What is required ▸ Please, without any pictures, set down exactly the part of the listing below that opens with the line containing "Sweet holiday wishes, Children's" and closes with the line containing "New Zealand Fern,Casual".

Data to process ▸
________________

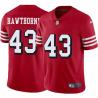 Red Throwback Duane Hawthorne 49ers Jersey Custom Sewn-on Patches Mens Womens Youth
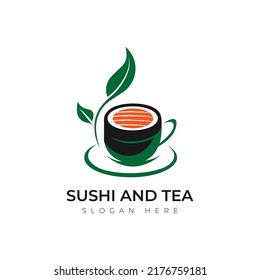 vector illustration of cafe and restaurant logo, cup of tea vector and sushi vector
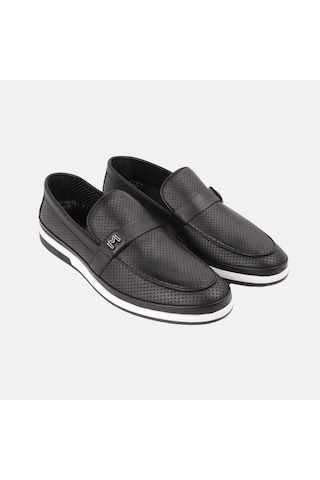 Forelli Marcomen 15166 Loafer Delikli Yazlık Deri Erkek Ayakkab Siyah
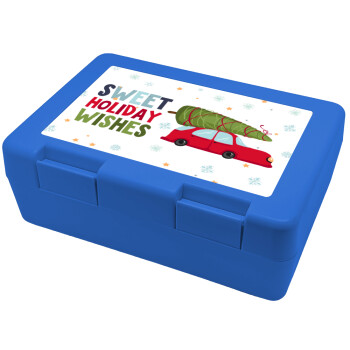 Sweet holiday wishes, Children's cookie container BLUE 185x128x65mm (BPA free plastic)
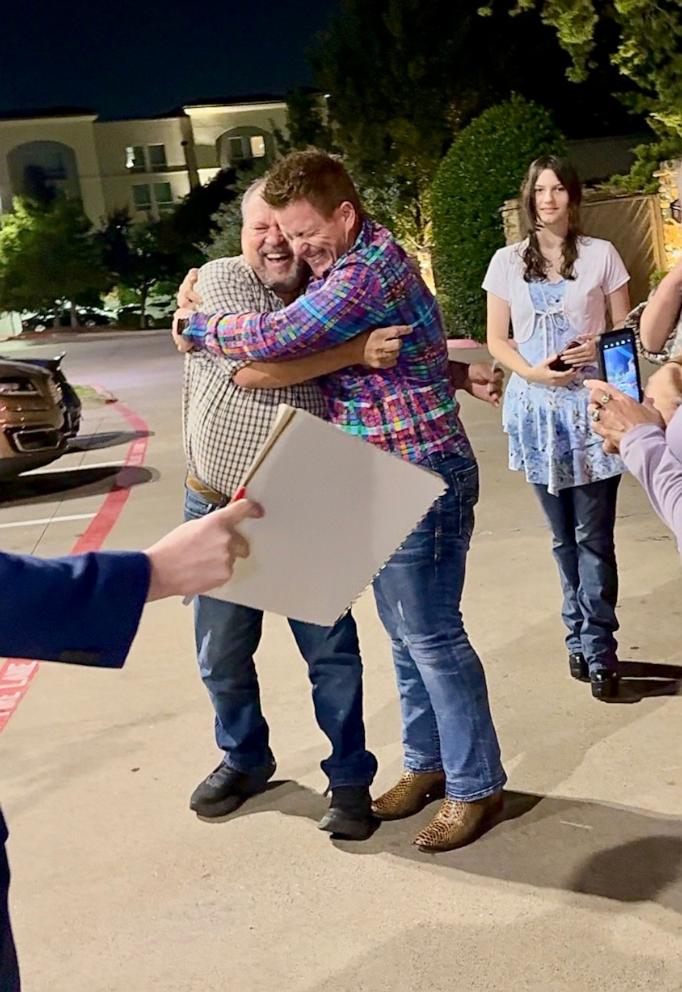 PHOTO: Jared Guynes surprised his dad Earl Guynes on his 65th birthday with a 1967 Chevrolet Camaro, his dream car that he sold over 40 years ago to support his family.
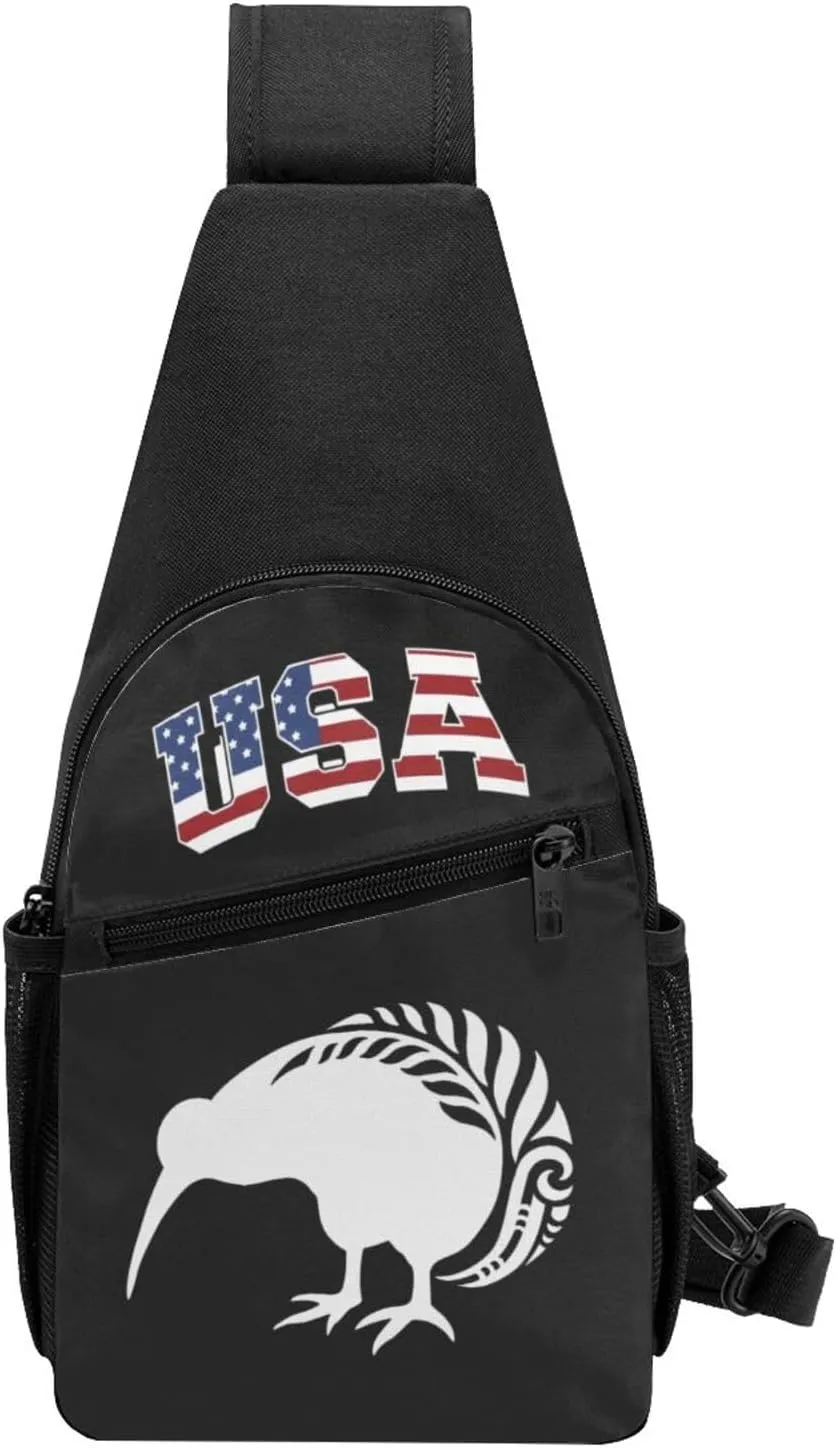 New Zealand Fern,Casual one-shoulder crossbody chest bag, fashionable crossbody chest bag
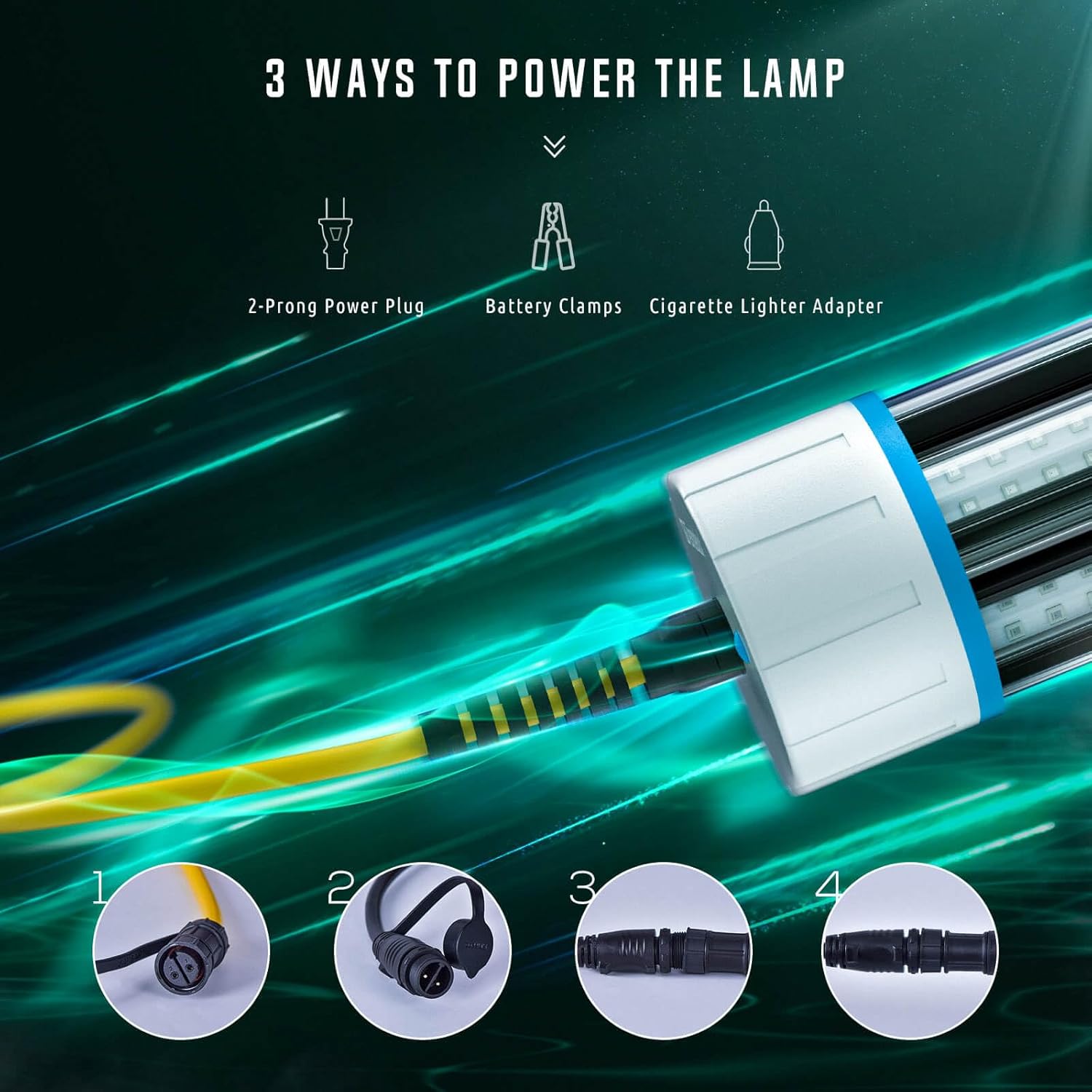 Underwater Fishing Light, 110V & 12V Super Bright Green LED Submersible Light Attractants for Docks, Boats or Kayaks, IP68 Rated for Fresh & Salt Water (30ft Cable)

________________

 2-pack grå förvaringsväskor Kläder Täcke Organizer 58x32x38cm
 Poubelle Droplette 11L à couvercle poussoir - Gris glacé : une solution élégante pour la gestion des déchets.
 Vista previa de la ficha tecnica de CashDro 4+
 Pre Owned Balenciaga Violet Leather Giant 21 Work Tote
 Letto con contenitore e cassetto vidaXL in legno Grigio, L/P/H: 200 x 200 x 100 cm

________________

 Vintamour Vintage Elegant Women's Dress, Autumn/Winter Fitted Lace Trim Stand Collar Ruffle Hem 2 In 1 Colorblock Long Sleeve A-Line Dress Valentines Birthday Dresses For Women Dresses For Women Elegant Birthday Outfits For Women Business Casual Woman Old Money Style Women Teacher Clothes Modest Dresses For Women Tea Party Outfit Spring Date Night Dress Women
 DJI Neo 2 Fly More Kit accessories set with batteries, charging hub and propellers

________________

Reply ▸
 Sweet holiday wishes, Children's cookie container BLUE 185x128x65mm (BPA free plastic)
 PHOTO: Jared Guynes surprised his dad Earl Guynes on his 65th birthday with a 1967 Chevrolet Camaro, his dream car that he sold over 40 years ago to support his family.
 New Zealand Fern,Casual one-shoulder crossbody chest bag, fashionable crossbody chest bag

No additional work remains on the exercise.